A conversation with multimedia artist Mike Tyka

Mike Tyka is an artist and researcher with experience in the fields of biochemistry and biotechnology. After earning his doctorate in biophysics in 2007, he continued his work at the University of Washington studying the structure and dynamics of protein molecules. In 2012 he joined Google to work on creating neuron maps of fly and mice brains.

Tyka turned to art in 2009 when he and other artists created a 35-foot-high interactive Rubik's Cube sculpture titled Groovik's Cube, which was exhibited in Reno, Seattle and New York. Since then his artistic work has focused on both traditional sculpture and modern technologies such as 3D printing and artificial neural networks. His sculptures of protein molecules are made of cast glass and bronze, and are based on the structural coordinates of specific biomolecules.

In 2015 Tyka created his first large-format computer graphics works using the iterative DeepDream computer vision program. His latest series of generative works, Portraits of Imaginary People, was exhibited at the ARS Electronica Festival in Linz, at Christie's auction house in New York, and at the Karuizawa Museum in Japan. Tyka’s kinetic sculpture Us and Them was exhibited in 2018 at the Mediacity Biennale at the Seoul Museum of Art, and in 2019 at the Mori Art Museum in Tokyo.
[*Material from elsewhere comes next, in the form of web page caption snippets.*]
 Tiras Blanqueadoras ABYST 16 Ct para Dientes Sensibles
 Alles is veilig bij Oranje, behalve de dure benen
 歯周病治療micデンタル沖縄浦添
Mike Tyka. Us and Them. Kinetic Installation. 2018

You’ve been working with artificial neural networks in an art context since 2015. Can you very briefly introduce our readers to these AI (artificial intelligence) tools?

What is typically referred to as AI in the research community is machine learning. It’s a term that is a lot more specific and precise than AI, which is a broader term with a lot more meanings attached.

Machine learning is essentially a statistical computer science method for programming a computer, based on examples. In a traditional computer program, you write down precise rules by which the computer program should do something (essentially – if this, then that). Machine learning is different in the sense that you don’t write this program specifically. Instead, you feed the computer a significant number of examples and the desired outcome. The computer itself, essentially through mathematical frameworks, extracts the rules that encompass those examples and everything in between. A typical example is facial-recognition – you feed thousands of images of faces into the computer, and pictures without faces as counterexamples. Over time, the algorithm will learn the rules that characterise a picture with a face. These rules are very difficult to nail down to precise commands if you wanted to program something similar manually. This is why the old AI style struggled with these tasks, because these rules are not very clear – they are very fuzzy.

Mike Tyka. A fleeting memory. From the 'Portraits of Imaginary People' series. Archival print. 2017

In your TED Talk (Germany 2015), you compared AI tools with photography. The invention of photography liberated painting from accurately representing reality, and we saw the rise of the Modernist art movements. In the same way, AI tools could liberate contemporary artists. Can you explain this idea in more detail?

The first thing I would say is that it’s not a matter of replacing the old. People still paint realistic images. It just opens up new additional things you can do that we previously ignored or that weren’t possible – like the hyperrealistic painting that combines photography with painting. Also, the abstract forms of art were discovered and became more interesting because the mind opened up to what other things painting can do.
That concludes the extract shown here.